Aspergillus niger katalazının üretimi, üçlü-faz ayırma sistemi ile saflaştırılması ve karakterizasyonu

Abstract

Katalazlar (EC 1.11.1.6) antioksidan metalloenzimler sınıfına dahil olup başlıca işlevleri hidrojen peroksidin su ve moleküler oksijene parçalanmasıdır. Katalazlarla yaklaşık yüzyıldır çalışılmasına rağmen, özellikleri ile ilgili yeni bulgular keşfedilmektedir. Bu çalışmada Aspergillus niger katalazının üretimi, saflaştırılması ve karakterize edilmesi amaçlanmıştır. Buna göre 1 litrelik YpSs sıvı büyüme ortamında 37°C ve 155 rpm çalkalama hızında büyütülen A. niger'den 7. günde ham enzim ekstraktı elde edilmiştir. Katalaz enzimi hem iyon değiştirme kromatografisi hem de üçlü-faz ayırma yöntemi ile saflaştırılmıştır. Kromatografik yöntemle yapılan saflaştırmada enzim aktivitesinde %42 oranında azalma gözlenmiştir. Diğer yandan, üçlü-faz ayırma yönteminde %80 (w/w) amonyum sülfat içeren ve ham ekstrakt:t-butanol oranı 1:1.5 olacak şekilde pH 7,0'da hazırlanan sistemden katalaz enzimi %263 geri kazanım ile 7.9 kat saflaştırılmıştır. Enzim örneğinin saflığı SDS-PAGE ile kontrol edilmiş olup jelde yaklaşık 87 kDa molekül ağırlığına denk gelen tek bir bant gözlenmiştir. Saf enzimin Km değeri (21,4 mM), optimum reaksiyon sıcaklığı (50°C) ve optimum reaksiyon pH'sı (6,0) belirlenmiştir.
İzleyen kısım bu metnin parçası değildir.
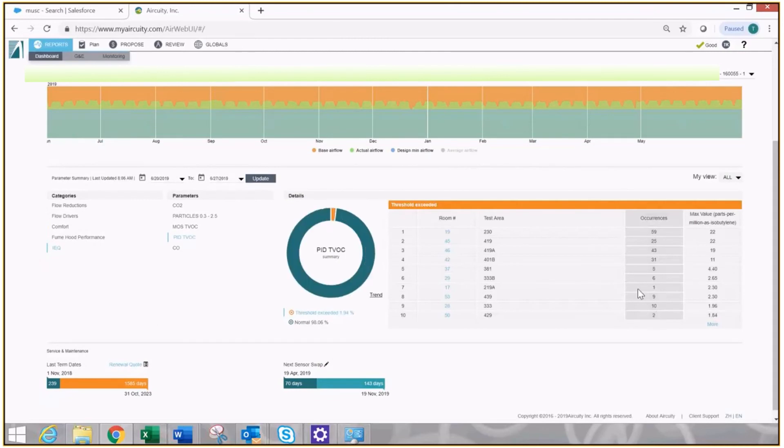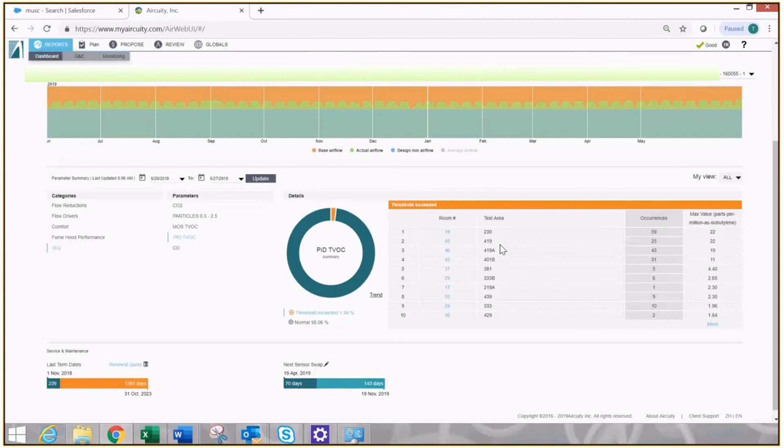Scans the entire building. I'm going to see one, two, three, four rooms that I'm worried about. Enough occurrences that I want to go take a look at. Interestingly, 419 and 419A are on that list as well.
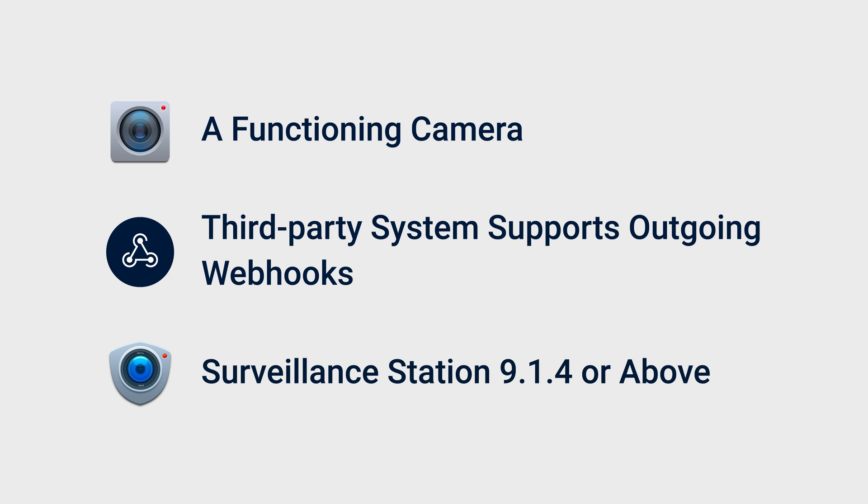Before you start, ensure that you have a functioning camera, verify that your third-party system supports outgoing webhooks, and confirm that your Surveillance Station version is 9.1.4 or above.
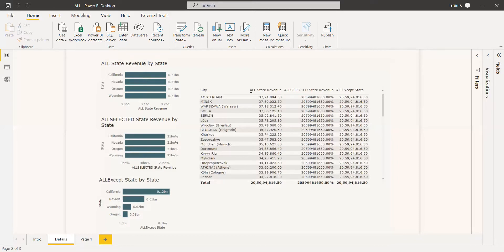As an example, with the ALL filter, when you use state as a parameter, it has taken away the filter from that column. At the same time, since you have given state as the parameter, when you apply ALL on city, you can get the filter. So the filter only gets removed for the parameter given to the ALL function.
Kararlılık testleri enzimin aktif olarak kalabildiği sıcaklık aralığının (30°C -40°C) nispeten dar, ancak pH aralığının (4.0-9.0) oldukça geniş olduğunu göstermiştir. Ayrıca, %7,5'lik (v/v) etanol varlığında aktivitenin yaklaşık %77'si korunmuştur. Bununla birlikte, esas fonksiyonunun yanında 4-metil katekol ve pyrokatekol gibi fenolik bileşikleri peroksitten bağımsız olarak okside edebilmiştir. Sonuç olarak, A. niger'den katalaz enziminin geleneksel kromatografi yöntemi yerine zamandan tasarruf sağlayan, maliyeti ucuz ve kullanımı oldukça kolay olan üçlü faz sistemleri ile saflaştırılabildiği görülmektedir. Enzimin sahip olduğu biyokimyasal özellikleri, çeşitli endüstriyel uygulama alanlarında avantaj sağlayabilir.

Catalases (EC 1.11.1.6) belonging to metalloenzyme family catalyze the degradation of hydrogen peroxide to water and molecular oxygen. Although catalases have been studied by almost a century, some characteristics have been recently discovered. For that purpose, crude enzyme extract was obtained from A. niger on 7th day of cultivation of cells grown at 37°C and 155 rpm in 1 liter YpSs medium containing 1% glucose. Catalase enzyme was purified by both ion exchange chromatography and three-phase partitioning method. Chromatography-based purification has resulted in a 42% reduction in the enzyme activity. On the other hand, the three-phase partitioning method which wasprepared by 80% (w/w) ammonium sulfate saturation at pH 7 with 1:1.5 (v/v) ratio of crude extract to t-butanol gave 7.9-fold purification with 263% activity recovery. The Km value, optimum reaction temperature and optimum reaction pH of the catalase were determined. The stability tests have revealed that the enzyme remained stable in a narrow temperature whereas in a wide range of pH. In addition, about 77% of the activity has been maintained in the presence of ethanol up to a concentration of 7.5% (v/v). Besides it main function it could oxidase substrates such as 4-methyl catechol and pyrocatechol in the absence of peroxide. To conclude, the catalase enzyme from A. niger can be purified by a three phase partitioning system, which is time-effective, inexpensive and very easy to use, rather than a conventional chromatography method. The biochemical properties of the resulting catalase enzyme can provide advantages in various industrial applications.